Self-Hosted Milestone ​
The near-term adoption goal is a compute-first self-hosted durable coordinator path that users can run, inspect, and operate directly.
The first reference is examples/restaurant-approval/self-host, which runs one batteries-included coordinator process from the packaged monolith-svc artifact. It uses the local in-process transition worker by default so users can exercise hosted-style submission, release activation, await completion, and result inspection without starting a second service.
Current Proof ​
| Capability | Status |
|---|---|
| Batteries-included local coordinator demo | present in restaurant-approval |
| Coordinator and worker split-process proof | present in RestaurantApprovalHostedCoordinatorRestWorkerIT |
| Containerized HA reference | present in restaurant-approval/self-host/container |
| Release registration and activation | present |
| Execution pinning to active release version | present |
| Worker availability check before submit | present |
| Await pending query and completion | present |
| Accepted/declined terminal results | present |
| Failure/DLQ incident walkthrough | present in restaurant-approval/self-host |
| Single-execution operator re-drive | present for terminal DLQ and explicit FAILED executions |
| Operator walkthrough | present in restaurant-approval/self-host |
| Production-ish deployment recipe | present in Self-Hosted Deployment |
| Durable release metadata | Dynamo registry with immutable release records and append-only activation events |
| Shared/replicated artifact storage | local filesystem or S3-compatible blob store for coordinator-managed artifacts; OCI/Maven-style repositories remain preferred for native artifact forms |
| Minimal worker lifecycle | registration, heartbeat, drain, stale detection, and submit-time healthy-worker gate |
| Kafka await over stream | covered separately by csv-payments |
Remaining Gap ​
| Gap | Why it matters |
|---|---|
| Bulk DLQ replay campaigns | single-execution re-drive exists, but there is no DLQ-message consumer or batch replay surface |
| Append-only execution/await stores | existing Dynamo execution and await stores still use conditional updates for leases and state transitions |
The self-host path is compute-first: a coordinator service owns durable execution state and dispatches work to local, REST, gRPC, or SQS workers. Current FUNCTION support is serverless invocation/adapter support, not a TPF-owned durable HA coordinator.

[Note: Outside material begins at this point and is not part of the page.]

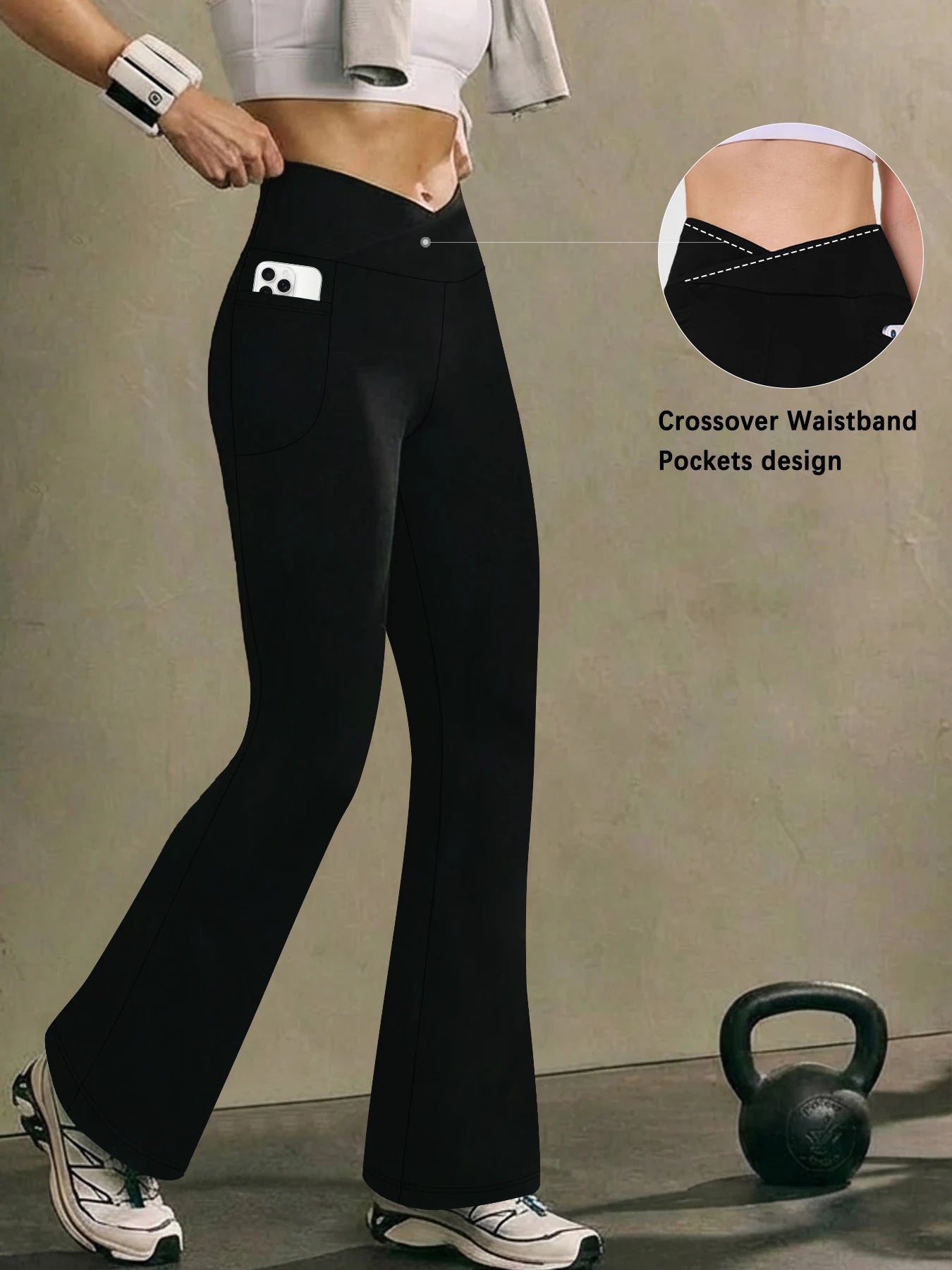 Women’s Super Soft High Waisted Flare Leggings – Crossover Waist Tummy Control Yoga Pants with Pockets Fitness Activewear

The main remaining HA gap is not the release metadata model, the minimum worker lifecycle gate, single-execution re-drive, or FUNCTION support. It is making execution/await state fully append-only and deciding whether bulk replay belongs in the framework or in operator/application runbooks.
All-serverless durable orchestration would be a separate design. It would need a coordinator loop backed by durable services such as DynamoDB, SQS, and EventBridge-style scheduling rather than relying on a Lambda/Azure/GCP function process to hold orchestration state.